When you reach the line that contains "layered winter outfit" in the data below, start reproducing lines exactly, and stop after the line that contains "Glitter case for".

Scraped caption text data

···

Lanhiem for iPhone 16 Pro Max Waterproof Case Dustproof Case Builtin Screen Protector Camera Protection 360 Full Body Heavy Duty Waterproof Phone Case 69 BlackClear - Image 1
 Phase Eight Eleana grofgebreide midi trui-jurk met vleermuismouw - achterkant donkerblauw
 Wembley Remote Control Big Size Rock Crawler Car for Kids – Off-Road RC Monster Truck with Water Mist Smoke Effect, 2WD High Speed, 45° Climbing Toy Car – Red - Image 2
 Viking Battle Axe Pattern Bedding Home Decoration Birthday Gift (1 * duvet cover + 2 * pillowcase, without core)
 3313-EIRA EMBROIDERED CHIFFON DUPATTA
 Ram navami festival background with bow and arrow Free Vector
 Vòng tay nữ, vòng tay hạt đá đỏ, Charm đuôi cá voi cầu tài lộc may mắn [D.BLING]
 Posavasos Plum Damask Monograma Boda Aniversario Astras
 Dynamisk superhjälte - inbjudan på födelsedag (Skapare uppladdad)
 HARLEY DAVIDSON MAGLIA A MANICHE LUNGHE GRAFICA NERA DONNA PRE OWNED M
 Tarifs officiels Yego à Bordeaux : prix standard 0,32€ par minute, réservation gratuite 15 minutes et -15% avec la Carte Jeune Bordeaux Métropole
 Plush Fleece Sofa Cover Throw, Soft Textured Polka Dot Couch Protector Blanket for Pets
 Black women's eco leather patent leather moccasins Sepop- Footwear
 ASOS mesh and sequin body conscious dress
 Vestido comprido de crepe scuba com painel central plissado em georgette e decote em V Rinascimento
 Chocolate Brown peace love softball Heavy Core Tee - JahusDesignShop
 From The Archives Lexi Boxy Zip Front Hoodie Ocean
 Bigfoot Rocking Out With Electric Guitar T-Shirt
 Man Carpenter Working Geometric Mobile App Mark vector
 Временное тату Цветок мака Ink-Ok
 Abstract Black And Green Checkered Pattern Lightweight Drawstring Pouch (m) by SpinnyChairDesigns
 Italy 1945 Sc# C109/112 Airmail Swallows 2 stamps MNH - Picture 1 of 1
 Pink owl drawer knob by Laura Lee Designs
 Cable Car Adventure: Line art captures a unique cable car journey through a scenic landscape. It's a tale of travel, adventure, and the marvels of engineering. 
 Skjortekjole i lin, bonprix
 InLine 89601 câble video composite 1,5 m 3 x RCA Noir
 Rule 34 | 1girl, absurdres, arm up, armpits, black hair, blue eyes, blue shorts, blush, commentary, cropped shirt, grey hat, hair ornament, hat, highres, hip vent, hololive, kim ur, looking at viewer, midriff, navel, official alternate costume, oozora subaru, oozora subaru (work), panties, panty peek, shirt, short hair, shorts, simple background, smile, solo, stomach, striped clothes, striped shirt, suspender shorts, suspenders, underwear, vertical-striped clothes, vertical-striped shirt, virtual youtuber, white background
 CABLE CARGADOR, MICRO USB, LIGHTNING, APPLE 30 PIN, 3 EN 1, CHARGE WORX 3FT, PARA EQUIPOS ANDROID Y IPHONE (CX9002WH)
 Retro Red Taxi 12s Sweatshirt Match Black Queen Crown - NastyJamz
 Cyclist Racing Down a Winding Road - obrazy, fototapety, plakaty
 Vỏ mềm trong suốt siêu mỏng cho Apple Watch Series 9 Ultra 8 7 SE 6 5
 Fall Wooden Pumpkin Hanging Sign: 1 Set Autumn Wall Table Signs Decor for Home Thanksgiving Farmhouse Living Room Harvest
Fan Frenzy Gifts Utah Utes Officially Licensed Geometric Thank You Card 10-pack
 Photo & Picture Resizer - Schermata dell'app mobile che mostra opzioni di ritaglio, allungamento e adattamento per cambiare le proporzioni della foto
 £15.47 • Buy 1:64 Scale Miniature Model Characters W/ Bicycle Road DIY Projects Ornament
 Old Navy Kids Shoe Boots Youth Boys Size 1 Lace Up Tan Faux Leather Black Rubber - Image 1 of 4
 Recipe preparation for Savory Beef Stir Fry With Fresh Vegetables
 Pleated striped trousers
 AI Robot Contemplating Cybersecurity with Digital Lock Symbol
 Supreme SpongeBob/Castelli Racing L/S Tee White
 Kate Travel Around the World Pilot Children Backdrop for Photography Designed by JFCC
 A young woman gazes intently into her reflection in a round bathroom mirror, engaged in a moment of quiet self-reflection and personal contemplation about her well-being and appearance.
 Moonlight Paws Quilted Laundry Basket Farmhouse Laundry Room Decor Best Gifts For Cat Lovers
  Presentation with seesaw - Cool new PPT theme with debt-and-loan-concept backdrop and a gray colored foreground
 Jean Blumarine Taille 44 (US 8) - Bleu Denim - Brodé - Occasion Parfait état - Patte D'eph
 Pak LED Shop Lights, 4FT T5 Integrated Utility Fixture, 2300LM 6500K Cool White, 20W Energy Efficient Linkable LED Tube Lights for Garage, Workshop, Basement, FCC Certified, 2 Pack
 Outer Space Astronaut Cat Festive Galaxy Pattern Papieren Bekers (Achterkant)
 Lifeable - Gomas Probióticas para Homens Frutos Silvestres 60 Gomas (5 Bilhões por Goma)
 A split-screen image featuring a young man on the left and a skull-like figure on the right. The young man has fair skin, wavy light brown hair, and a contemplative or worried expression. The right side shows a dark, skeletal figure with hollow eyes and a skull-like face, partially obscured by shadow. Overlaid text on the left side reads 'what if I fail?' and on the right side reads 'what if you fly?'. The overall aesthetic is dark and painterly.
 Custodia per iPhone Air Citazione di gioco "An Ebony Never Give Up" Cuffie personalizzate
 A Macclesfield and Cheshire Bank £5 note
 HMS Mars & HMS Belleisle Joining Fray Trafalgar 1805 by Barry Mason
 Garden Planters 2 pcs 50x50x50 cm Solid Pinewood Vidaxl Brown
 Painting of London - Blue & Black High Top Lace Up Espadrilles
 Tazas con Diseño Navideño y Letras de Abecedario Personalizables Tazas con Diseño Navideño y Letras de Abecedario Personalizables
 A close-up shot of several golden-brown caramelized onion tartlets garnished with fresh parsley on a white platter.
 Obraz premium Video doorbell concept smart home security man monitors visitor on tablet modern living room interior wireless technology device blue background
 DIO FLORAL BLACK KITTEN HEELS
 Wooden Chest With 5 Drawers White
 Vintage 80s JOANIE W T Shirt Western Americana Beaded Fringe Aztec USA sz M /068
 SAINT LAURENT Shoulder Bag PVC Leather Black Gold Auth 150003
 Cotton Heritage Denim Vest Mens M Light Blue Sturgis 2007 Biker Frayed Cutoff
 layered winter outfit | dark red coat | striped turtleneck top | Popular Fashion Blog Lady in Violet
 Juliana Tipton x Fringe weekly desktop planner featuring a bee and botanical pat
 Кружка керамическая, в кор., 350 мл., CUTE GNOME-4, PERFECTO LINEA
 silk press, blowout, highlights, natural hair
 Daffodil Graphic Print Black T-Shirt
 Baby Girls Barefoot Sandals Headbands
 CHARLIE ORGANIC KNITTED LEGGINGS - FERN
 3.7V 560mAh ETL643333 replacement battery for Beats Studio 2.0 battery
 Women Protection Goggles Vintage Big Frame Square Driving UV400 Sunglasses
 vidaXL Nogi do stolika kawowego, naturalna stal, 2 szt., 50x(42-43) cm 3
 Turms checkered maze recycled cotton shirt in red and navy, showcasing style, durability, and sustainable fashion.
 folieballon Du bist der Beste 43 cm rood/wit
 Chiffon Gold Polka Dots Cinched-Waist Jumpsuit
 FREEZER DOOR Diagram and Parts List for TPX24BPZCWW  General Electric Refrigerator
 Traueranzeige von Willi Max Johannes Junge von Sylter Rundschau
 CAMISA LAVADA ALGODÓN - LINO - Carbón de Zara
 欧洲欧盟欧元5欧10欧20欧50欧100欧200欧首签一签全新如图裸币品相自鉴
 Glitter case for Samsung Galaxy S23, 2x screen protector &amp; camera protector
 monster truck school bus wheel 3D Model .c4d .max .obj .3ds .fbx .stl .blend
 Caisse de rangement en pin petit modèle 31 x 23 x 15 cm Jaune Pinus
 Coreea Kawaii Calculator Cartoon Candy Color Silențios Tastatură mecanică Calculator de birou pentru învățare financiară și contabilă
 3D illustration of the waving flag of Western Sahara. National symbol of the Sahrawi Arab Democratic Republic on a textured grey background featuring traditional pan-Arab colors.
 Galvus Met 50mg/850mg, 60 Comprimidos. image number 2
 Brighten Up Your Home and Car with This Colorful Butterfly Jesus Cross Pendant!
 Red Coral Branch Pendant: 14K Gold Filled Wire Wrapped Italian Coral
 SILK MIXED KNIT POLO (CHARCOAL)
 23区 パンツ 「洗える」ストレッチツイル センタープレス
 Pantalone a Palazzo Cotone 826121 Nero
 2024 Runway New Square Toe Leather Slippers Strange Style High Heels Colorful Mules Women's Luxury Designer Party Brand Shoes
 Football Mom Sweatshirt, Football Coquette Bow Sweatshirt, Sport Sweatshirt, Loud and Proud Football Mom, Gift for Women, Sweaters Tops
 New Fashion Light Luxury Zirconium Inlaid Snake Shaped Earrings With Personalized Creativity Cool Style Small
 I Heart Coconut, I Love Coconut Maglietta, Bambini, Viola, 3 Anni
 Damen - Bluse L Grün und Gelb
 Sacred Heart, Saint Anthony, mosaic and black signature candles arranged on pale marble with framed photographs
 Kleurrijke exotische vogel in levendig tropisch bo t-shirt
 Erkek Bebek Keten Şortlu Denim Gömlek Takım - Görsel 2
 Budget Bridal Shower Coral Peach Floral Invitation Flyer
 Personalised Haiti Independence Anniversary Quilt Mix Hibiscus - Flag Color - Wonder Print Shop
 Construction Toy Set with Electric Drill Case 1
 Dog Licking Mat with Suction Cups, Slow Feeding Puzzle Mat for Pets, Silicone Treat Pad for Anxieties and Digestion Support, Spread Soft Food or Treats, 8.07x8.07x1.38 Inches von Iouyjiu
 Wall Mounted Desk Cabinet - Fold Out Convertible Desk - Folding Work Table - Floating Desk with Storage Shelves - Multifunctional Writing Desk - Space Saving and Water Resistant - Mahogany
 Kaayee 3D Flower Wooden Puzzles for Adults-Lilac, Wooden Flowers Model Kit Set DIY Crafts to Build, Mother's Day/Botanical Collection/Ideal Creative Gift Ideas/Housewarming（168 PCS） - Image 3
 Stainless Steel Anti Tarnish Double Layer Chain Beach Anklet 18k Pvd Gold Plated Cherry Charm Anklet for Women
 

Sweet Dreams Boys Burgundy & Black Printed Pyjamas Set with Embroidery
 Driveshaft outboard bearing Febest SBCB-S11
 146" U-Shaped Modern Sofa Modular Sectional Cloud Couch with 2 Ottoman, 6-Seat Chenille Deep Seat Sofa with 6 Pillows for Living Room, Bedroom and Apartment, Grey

···

__Solved exercise__:
 layered winter outfit | dark red coat | striped turtleneck top | Popular Fashion Blog Lady in Violet
 Juliana Tipton x Fringe weekly desktop planner featuring a bee and botanical pat
 Кружка керамическая, в кор., 350 мл., CUTE GNOME-4, PERFECTO LINEA
 silk press, blowout, highlights, natural hair
 Daffodil Graphic Print Black T-Shirt
 Baby Girls Barefoot Sandals Headbands
 CHARLIE ORGANIC KNITTED LEGGINGS - FERN
 3.7V 560mAh ETL643333 replacement battery for Beats Studio 2.0 battery
 Women Protection Goggles Vintage Big Frame Square Driving UV400 Sunglasses
 vidaXL Nogi do stolika kawowego, naturalna stal, 2 szt., 50x(42-43) cm 3
 Turms checkered maze recycled cotton shirt in red and navy, showcasing style, durability, and sustainable fashion.
 folieballon Du bist der Beste 43 cm rood/wit
 Chiffon Gold Polka Dots Cinched-Waist Jumpsuit
 FREEZER DOOR Diagram and Parts List for TPX24BPZCWW  General Electric Refrigerator
 Traueranzeige von Willi Max Johannes Junge von Sylter Rundschau
 CAMISA LAVADA ALGODÓN - LINO - Carbón de Zara
 欧洲欧盟欧元5欧10欧20欧50欧100欧200欧首签一签全新如图裸币品相自鉴
 Glitter case for Samsung Galaxy S23, 2x screen protector &amp; camera protector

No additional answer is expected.